What do you think is wrong with a 48 yr old female who lives w/parents?

She lived on her own for 10 yrs b4 moving south to be closer to family. Started living w/parents to save $$$ & even though she has paid off all debt, she still lives at home with parents!! What is wrong with this picture?

Answer:
There are four reasons I feel a woman of that age would continue to live with parents:

VOLUNTARILY-Out of no sense of duty or obligation,she may see that the parents need her help and does not mind staying to care for them;especially if there is no other significant person or outside interest that would prevent her from making that decision. She loves staying there and the parents are happy she remains there.

FEAR and LACK of PREPAREDNESS: A taste of the real world gave her "cold feet"! If it is easier to run back home when times get hard;jump in your "booties" as well as being under the security blanket of the parents home,and it doesn't feel good to be a failure,..why try again ? It is unfortunate that many too anxious to leave home to early, despite their parents better jugment,...didn't LISTEN!

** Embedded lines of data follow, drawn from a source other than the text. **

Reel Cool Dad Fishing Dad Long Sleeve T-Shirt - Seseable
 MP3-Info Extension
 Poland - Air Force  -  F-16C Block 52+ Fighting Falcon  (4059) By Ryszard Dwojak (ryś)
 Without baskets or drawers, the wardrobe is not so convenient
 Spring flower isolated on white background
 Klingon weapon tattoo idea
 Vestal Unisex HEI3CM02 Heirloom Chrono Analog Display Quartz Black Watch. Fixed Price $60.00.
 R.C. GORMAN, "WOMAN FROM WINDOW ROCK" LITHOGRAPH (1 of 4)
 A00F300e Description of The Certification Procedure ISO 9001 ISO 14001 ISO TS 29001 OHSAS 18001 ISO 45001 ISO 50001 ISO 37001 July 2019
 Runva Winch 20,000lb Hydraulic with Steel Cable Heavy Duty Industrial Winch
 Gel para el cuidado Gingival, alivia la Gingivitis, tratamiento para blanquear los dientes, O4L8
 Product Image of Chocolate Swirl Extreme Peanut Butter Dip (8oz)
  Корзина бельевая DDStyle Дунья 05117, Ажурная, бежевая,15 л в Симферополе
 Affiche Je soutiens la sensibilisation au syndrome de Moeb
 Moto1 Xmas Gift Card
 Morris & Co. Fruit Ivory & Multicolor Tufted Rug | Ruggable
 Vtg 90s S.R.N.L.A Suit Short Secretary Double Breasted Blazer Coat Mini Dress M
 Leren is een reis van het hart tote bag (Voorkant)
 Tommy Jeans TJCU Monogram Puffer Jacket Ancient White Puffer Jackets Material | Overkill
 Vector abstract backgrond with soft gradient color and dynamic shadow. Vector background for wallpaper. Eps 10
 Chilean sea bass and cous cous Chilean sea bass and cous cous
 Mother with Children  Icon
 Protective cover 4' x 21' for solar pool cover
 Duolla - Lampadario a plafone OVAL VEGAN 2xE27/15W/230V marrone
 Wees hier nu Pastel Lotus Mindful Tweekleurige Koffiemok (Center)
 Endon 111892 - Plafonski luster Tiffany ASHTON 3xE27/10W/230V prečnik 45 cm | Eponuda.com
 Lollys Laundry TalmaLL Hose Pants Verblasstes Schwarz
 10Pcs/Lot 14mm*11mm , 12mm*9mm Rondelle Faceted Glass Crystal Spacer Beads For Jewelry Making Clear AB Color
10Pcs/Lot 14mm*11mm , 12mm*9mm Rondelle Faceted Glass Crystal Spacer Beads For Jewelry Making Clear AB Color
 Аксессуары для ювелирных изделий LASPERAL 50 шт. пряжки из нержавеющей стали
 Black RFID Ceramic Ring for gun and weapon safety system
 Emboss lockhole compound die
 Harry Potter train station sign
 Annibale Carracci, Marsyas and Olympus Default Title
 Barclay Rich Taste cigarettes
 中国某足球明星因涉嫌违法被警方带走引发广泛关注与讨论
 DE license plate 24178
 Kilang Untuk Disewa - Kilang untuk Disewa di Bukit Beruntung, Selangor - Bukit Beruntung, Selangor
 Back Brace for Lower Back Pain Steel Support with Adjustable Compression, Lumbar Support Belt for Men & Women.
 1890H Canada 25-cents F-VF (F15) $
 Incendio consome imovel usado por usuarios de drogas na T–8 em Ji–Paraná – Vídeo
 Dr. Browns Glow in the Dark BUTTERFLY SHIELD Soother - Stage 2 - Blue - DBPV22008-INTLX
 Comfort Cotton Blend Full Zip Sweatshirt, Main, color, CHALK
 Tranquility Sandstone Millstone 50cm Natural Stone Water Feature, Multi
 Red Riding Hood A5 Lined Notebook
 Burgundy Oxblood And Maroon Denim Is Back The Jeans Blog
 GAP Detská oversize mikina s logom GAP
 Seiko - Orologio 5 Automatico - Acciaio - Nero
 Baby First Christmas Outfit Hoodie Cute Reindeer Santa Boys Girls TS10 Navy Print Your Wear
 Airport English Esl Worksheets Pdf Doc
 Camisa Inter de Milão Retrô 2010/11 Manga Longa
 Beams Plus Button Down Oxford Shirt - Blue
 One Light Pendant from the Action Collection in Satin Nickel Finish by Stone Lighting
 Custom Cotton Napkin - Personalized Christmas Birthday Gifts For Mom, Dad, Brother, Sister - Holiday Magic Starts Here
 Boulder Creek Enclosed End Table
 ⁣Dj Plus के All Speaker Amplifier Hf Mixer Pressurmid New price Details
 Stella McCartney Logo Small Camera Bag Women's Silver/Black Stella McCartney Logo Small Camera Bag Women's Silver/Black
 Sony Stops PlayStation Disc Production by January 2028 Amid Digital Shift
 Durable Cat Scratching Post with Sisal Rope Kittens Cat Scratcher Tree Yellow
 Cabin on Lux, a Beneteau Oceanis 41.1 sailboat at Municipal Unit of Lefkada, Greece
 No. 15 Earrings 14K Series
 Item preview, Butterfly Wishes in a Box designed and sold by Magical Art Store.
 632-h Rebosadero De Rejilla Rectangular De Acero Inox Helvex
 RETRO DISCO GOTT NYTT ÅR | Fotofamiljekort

PARENTAL MUNIPULATION: Sad to say that many parents today who have never grown to maturity themselves feel that their children are "obligated" to take care of them!. and can do a very good job of convincing them! Many parents deliberately and selfishly place their children in bondage and hold them hostage with guilt, shame and a false sense of obligation. Such as: "you don't love me","You love him/her better than you love me;" "you're suppose to honor me," "after all I've done for you,you treat me this way"? "see if I leave you anything if I die"!...etc. The children give in believing they must always love,honor, respect and obey the parents,.. no matter what; many not knowing that parents have an "obligation" to children as well.(according to the book of Ephesians, 6th chpt,1-4 vs. in the bible). Many children progressed to various levels of abuse out of their hostility, resentment and pressure from others to care for the parents.

ILL-GOTTEN -GAIN: Many children are guilty of taking advantage of the parents;they don't want to pay for rent, bills,or any of the other essentials for everyday living;and they still don't save any money??.. just live off mom & dad. Some remain home to wedge out other siblings or relatives from any money,property or other form of inheritance they feel entitled to..? Those in this catergory,but not all,can ultimately progress also to neglecting and abusing the parents because they were not,. caring for them for the right reasons!
If she is all alone, maybe she is lonely?
It still cost an arm and a leg to live out there, maybe finances still has something to do with it also.
Maybe her parents are getting along in age and she is worried about them?
Who Knows....
probably hiding from the world,and i like the last answer too,in the old days we all lived in big farm houses with all our families,what's wrong with that
Well, if she's 48, she could very well be taking care of her parents instead of sponging off of them.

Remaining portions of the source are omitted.